* Entries supplied *
------------------------
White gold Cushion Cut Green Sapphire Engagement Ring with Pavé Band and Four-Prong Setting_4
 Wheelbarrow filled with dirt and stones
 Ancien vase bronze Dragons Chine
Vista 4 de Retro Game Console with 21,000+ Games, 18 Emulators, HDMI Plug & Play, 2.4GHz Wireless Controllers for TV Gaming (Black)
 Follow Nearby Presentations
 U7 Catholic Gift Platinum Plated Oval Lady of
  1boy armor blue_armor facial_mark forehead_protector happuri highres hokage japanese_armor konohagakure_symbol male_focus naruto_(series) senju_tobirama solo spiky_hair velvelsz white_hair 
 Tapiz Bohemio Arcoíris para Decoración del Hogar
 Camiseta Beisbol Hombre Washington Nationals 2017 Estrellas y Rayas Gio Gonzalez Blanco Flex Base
------------------------
* Task item *
Begin with the first line of the listing above and write out each line exactly, ending with the line that contains "U7 Catholic Gift".

* Task response *
White gold Cushion Cut Green Sapphire Engagement Ring with Pavé Band and Four-Prong Setting_4
 Wheelbarrow filled with dirt and stones
 Ancien vase bronze Dragons Chine
Vista 4 de Retro Game Console with 21,000+ Games, 18 Emulators, HDMI Plug & Play, 2.4GHz Wireless Controllers for TV Gaming (Black)
 Follow Nearby Presentations
 U7 Catholic Gift Platinum Plated Oval Lady of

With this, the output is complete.